What you should do >>
Starting at the line that holds "I WASN'T LOOKING AT YOU", reproduce each line exactly up to and including the last line of the records below. Pictures stay out.

Saved entries:
§

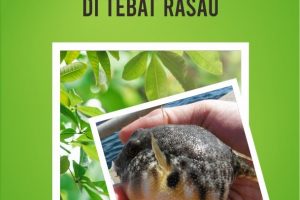 SEKELUMIT TENTANG TUMBUHAN DAN IKAN DI TEBAT RASAU
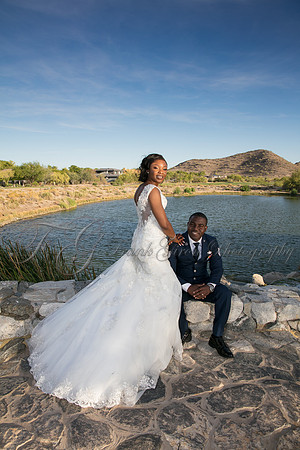wedd-504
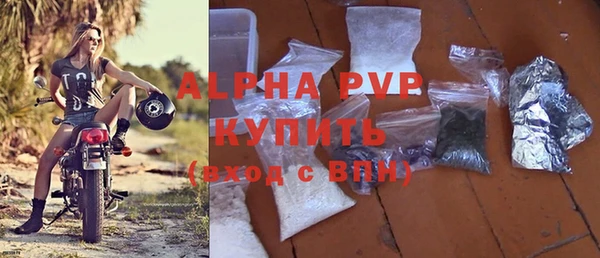 PSILOCYBIN Вяземский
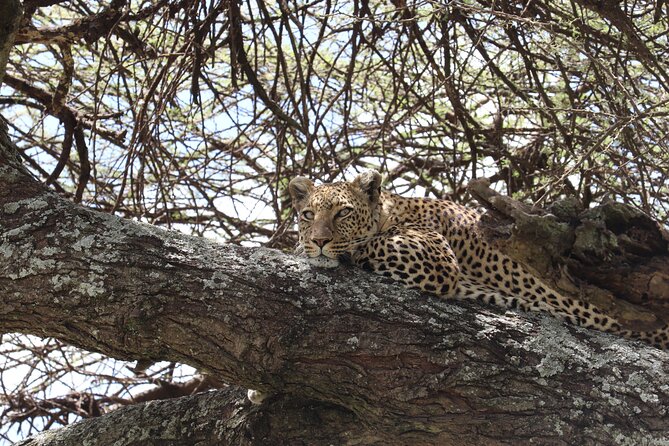 5 Days Safari Northern Circuit of Tanzania - Vehicle time, picnic lunches, and why comfort matters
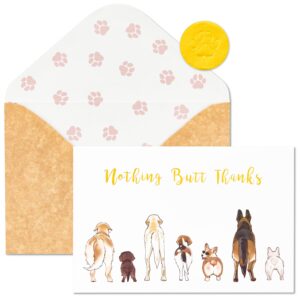 crisky 50 count dog thank you cards nothing butt thanks gold foil funny thank you cards with envelopes & stickers for friends, women men, teachers, colleagues, dog lovers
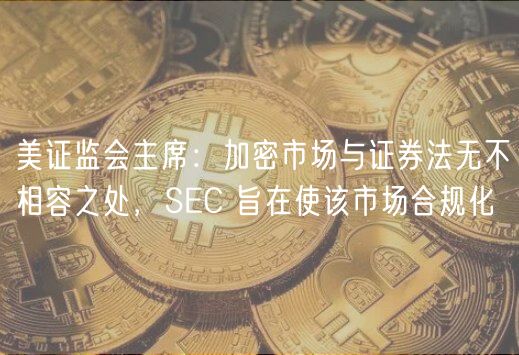 美证监会主席：加密市场与证券法无不相容之处，SC 旨在使该市场合规化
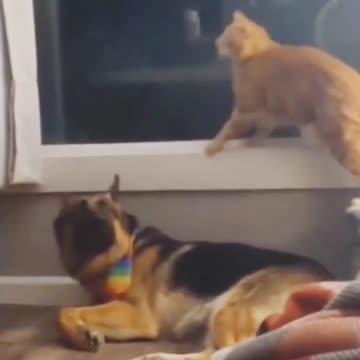 I WASN'T LOOKING AT YOU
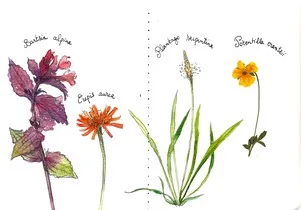 Stage aquarelle botanique au Refuge du Goléon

§

Response area >>
 I WASN'T LOOKING AT YOU
 Stage aquarelle botanique au Refuge du Goléon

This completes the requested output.